Middle Income Semi-Redneck
In general putting a high impedance on speaker amplifier outputs won't do any harm. I will caveat that by saying sometimes too high of an impedance can hurt an amp if you are only running the line level converter, this could start to look similar to running it open load and cause issues depending on the amplifier configuration. Probably not a problem on two-way radios with cheap and durable audio amps but high fidelity amps might not like looking into a high impedance. It's a power transfer issue and by /not/ transferring power to the speakers it rattles around in the amp, which overheat or stresses it. If you tap the converter from an output that also has a speaker, this would be less difference to either the speaker or the amp.

The high impedance front end of the converter also takes care of knocking down the level, it's a high impedance in parallel with a low impedance. So even if the speaker is running at 2W into a 8Ω load, you're talking 4V nominally, maybe it peaks at a few volts at most. Looking into a 10K input that is going to give you 400µV.
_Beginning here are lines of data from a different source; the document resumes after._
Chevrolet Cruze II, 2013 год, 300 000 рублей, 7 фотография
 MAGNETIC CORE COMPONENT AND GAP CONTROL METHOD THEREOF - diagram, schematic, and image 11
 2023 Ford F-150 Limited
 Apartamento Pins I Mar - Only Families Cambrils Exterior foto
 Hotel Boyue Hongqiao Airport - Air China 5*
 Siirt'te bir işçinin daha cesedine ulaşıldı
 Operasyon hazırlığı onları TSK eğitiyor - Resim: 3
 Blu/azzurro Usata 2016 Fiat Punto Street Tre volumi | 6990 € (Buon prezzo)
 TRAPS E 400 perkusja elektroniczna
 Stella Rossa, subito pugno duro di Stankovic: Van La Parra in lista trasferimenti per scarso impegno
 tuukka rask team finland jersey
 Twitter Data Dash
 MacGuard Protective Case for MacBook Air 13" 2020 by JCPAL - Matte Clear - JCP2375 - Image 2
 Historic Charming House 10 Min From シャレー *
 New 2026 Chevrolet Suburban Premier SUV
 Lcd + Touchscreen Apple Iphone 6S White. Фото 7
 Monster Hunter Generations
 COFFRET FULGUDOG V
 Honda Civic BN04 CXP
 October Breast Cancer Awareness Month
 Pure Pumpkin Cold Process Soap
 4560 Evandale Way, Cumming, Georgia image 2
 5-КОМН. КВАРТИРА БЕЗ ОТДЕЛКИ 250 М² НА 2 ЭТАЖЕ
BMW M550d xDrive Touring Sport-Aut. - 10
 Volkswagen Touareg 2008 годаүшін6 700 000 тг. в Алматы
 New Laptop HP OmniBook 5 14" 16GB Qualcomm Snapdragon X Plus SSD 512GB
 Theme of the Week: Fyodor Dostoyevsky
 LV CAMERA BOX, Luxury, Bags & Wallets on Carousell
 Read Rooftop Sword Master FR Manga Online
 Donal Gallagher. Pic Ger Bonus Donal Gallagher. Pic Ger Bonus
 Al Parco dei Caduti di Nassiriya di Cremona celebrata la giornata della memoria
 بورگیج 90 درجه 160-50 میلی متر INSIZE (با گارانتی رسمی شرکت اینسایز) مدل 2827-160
I'd do it like this, add an isolation transformer to prevent ground loops (you are turning a floating differential output into a ground-referenced single ended) and use a voltage divider to adjust. FWIW, the first stage here is an active full wave rectifier with the amplitude being that of the input peak up to the positive rail.

interface-speaker.jpg

If you use a 1:1 xfmr that is nominally 600Ω you will drop the voltage quite a bit, I would expect you'll actually be way too low (probably tens of mV). You could do a 8:1000 matching transformer (essentially an audio amp output xfmr in reverse), this would give the audio amp a consistent load and prevent the signal level from dropping too low. With a 10K and 10K pot you'd probably be sitting around 1Vp-p, right on a line level signal.